Not quite, and forgive me for repeating this point, but it's an important one. The agreement means the particular institution is not _required_ to report such account information, either directly to U.S. authorities or via its comparable domestic authorities. There is nothing in the agreement (or, generally, in domestic legislation) that _prohibits_ the institution from supplying _more information than required_.

Indeed, there seems to be evidence that most financial institutions exceed their baseline governmental reporting obligations because they'd rather not have the liability, implicit or explicit, political or not, in doing business with "interesting" clients. Most governments have a broad "keep on the lookout for 'suspicious' behavior" requirement -- a manifestation of "Know Your Customer" practices. What's "suspicious" depends on the financial institution and its evolving practices.
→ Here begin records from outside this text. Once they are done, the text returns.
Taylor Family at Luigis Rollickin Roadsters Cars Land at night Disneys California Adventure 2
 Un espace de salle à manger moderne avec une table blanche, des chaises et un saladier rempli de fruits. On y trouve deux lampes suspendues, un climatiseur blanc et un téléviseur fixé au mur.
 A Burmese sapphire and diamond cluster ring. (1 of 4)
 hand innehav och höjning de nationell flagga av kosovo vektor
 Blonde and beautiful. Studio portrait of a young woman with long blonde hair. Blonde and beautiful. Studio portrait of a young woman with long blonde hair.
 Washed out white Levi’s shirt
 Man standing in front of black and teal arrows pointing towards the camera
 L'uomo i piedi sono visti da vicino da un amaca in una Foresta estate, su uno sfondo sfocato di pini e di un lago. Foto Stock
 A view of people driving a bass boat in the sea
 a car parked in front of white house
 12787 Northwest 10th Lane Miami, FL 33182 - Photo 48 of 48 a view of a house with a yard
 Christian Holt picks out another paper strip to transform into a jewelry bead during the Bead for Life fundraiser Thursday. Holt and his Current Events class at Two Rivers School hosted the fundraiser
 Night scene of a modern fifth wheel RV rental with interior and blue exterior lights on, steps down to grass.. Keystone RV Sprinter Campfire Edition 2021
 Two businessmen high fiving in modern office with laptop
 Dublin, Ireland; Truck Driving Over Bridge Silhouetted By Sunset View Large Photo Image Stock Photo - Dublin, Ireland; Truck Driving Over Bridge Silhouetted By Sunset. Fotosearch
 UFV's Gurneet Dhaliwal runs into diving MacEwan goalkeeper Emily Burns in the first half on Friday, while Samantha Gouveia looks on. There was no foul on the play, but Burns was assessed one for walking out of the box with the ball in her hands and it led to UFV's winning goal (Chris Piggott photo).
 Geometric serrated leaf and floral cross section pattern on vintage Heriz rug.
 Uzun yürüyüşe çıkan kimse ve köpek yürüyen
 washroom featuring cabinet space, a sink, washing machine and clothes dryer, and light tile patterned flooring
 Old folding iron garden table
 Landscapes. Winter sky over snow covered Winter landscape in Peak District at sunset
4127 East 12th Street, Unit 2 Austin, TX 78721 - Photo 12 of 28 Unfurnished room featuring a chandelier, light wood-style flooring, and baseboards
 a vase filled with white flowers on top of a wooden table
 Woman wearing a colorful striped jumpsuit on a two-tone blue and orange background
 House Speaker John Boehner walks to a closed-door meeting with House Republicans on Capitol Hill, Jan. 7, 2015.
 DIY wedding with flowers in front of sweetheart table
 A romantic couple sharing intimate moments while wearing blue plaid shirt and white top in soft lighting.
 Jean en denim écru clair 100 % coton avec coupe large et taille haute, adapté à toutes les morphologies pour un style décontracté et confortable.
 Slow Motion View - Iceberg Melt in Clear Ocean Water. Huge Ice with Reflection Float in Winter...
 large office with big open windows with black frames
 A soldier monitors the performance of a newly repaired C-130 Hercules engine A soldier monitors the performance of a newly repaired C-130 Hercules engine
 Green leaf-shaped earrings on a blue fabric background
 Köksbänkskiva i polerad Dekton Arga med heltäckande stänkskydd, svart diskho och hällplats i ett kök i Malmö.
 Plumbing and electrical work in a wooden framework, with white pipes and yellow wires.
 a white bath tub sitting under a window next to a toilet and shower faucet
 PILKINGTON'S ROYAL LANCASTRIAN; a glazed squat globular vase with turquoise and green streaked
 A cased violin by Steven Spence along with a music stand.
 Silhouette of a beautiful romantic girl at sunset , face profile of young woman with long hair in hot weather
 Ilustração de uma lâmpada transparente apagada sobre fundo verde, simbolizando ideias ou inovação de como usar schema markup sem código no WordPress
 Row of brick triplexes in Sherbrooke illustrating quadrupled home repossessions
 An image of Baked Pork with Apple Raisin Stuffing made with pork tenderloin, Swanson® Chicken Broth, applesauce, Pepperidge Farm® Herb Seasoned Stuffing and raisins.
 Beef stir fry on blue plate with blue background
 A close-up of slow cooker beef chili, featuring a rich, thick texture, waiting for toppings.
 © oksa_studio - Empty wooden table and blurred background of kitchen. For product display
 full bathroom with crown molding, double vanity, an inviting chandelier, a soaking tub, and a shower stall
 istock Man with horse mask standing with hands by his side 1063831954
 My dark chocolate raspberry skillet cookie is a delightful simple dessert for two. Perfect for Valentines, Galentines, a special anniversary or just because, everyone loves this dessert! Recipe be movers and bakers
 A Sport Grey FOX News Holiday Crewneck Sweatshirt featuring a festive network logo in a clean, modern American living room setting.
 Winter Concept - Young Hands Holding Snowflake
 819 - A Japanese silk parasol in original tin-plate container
Financial institutions also have their own internal risk preferences that steer them to collecting more data than required for regulatory reasons, so that they can make independent business decisions about which clients they solicit and retain.

Anyway, none of that background matters for purposes of _your_ U.S. FATCA and FBAR (FinCEN Form 114) reporting obligations if you have them.


----------



## Bevdeforges

Net-net, what it means is that the IRS may not get a nice, neat report of your account, tied to your US social security number with which to check your tax and FBAR filings. Practically speaking, as maz57 says, you still have the obligation to file the information. But how and if the IRS would find out should you fail to meet your obligation is open to speculation.
Cheers,
Bev


----------



## maz57

BBCWatcher said:


> Not quite, and forgive me for repeating this point, but it's an important one. The agreement means the particular institution is not _required_ to report such account information, either directly to U.S. authorities or via its comparable domestic authorities. There is nothing in the agreement (or, generally, in domestic legislation) that _prohibits_ the institution from supplying _more information than required_.
> 
> Indeed, there seems to be evidence that most financial institutions exceed their baseline governmental reporting obligations because they'd rather not have the liability, implicit or explicit, political or not, in doing business with "interesting" clients. Most governments have a broad "keep on the lookout for 'suspicious' behavior" requirement -- a manifestation of "Know Your Customer" practices. What's "suspicious" depends on the financial institution and its evolving practices. Financial institutions also have their own internal risk preferences that steer them to collecting more data than required for regulatory reasons, so that they can make independent business decisions about which clients they solicit and retain.
> 
> Anyway, none of that background matters for purposes of _your_ U.S. FATCA and FBAR (FinCEN Form 114) reporting obligations if you have them.


In most of the IGAs the foreign financial institutions report info to the foreign country tax agency and that foreign agency, in turn, reports info to the IRS. Even if a bank gets overzealous by reporting exempt accounts to that foreign agency, it is likely the foreign agency will delete that extra, FATCA exempt, part of the info before they pass it on to the IRS. Foreign country tax-advantaged accounts are by definition already known to the foreign agency anyway. So while the banks may be confused by the rules, the tax agencies certainly understand them.

So yes, foreign institutions may over report (there is evidence of this already happening here in Canada), but that doesn't mean that info will be passed to the IRS.

I think the institutions that are really paranoid about their US citizen customers will simply get rid of them by closing the accounts. US citizen customers are becoming increasingly bad for business; the liability attached to a handful of customers is not worth the risk. This is an unintended consequence Congress never thought of.

Of course, according to Robert Stack, this is all a myth.


----------